Records shown:
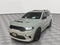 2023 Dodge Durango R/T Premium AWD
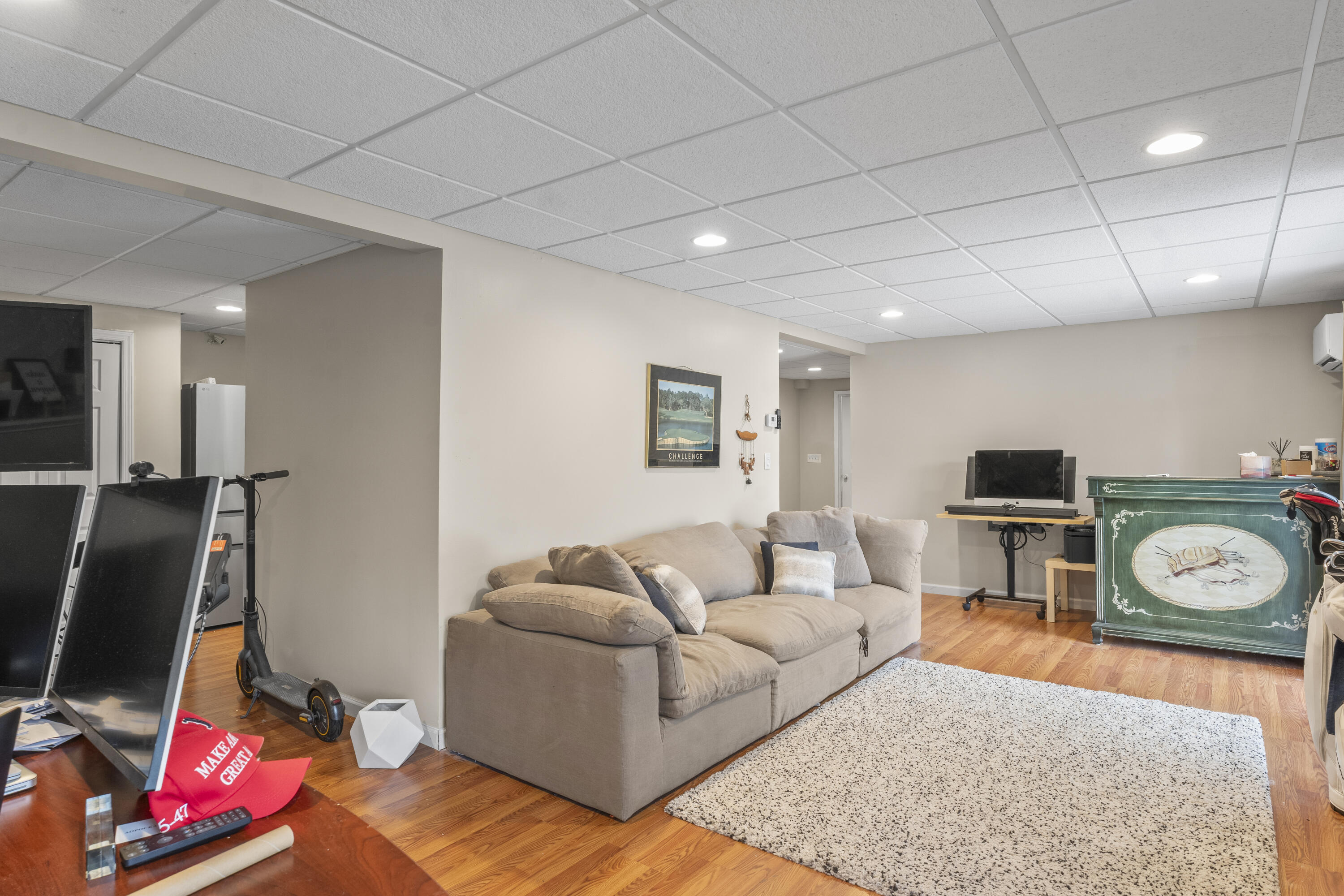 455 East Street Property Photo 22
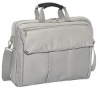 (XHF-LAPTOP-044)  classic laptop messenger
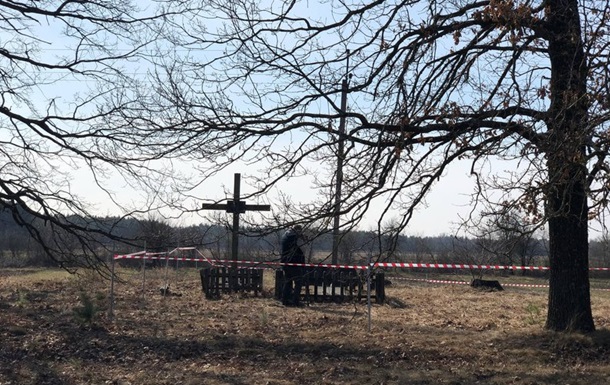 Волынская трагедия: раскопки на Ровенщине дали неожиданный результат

--

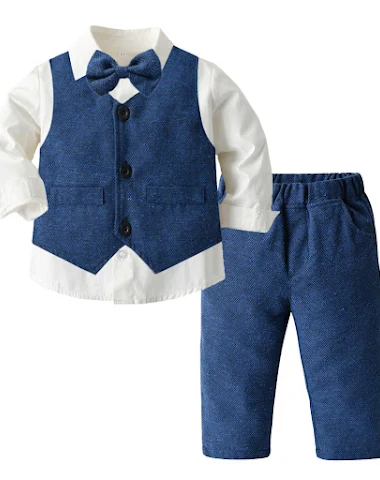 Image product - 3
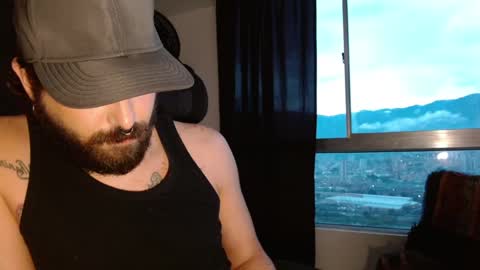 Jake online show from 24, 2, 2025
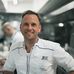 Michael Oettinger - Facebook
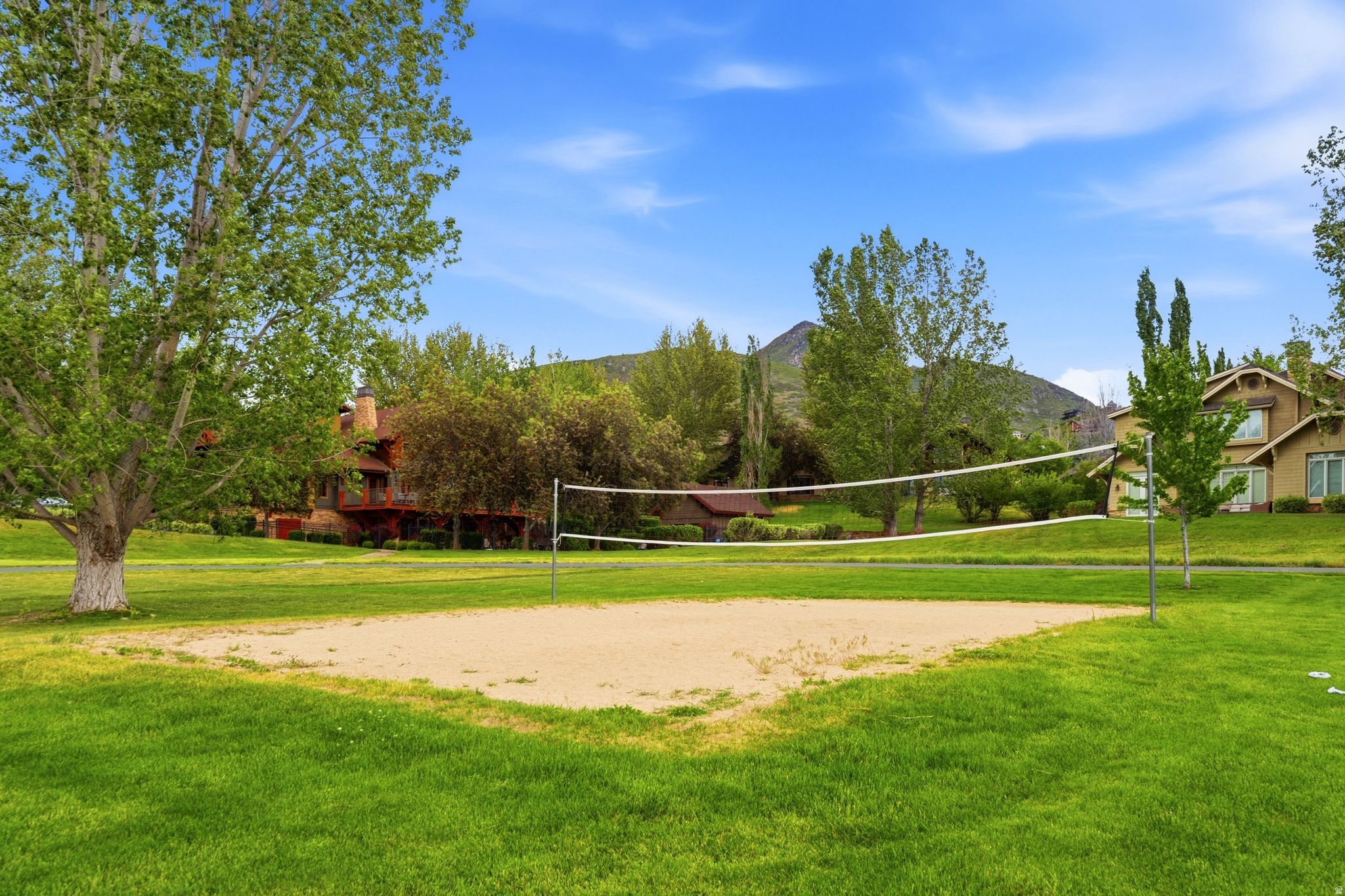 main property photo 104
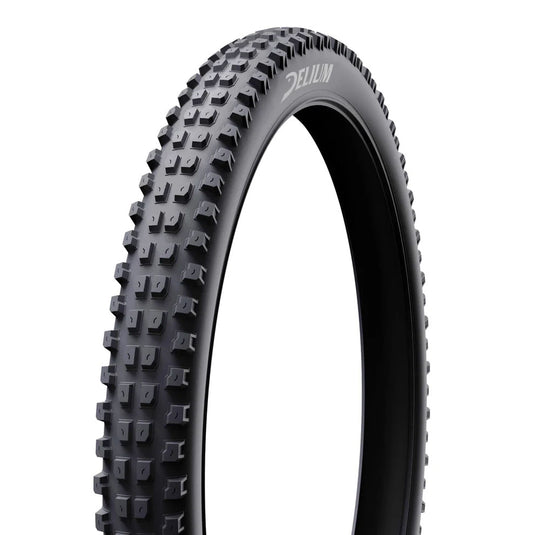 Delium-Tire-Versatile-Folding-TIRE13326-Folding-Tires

* * *

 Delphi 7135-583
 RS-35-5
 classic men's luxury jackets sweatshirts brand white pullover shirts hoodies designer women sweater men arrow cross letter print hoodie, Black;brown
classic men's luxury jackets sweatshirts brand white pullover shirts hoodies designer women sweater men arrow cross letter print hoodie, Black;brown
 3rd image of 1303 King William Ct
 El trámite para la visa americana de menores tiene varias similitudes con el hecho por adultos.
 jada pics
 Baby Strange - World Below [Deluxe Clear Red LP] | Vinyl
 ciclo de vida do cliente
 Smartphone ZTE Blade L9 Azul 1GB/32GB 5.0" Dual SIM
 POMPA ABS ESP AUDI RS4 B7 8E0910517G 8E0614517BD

What to produce:
Show, from the listing above, every line holding the word "designer".

Answer space:
 classic men's luxury jackets sweatshirts brand white pullover shirts hoodies designer women sweater men arrow cross letter print hoodie, Black;brown
classic men's luxury jackets sweatshirts brand white pullover shirts hoodies designer women sweater men arrow cross letter print hoodie, Black;brown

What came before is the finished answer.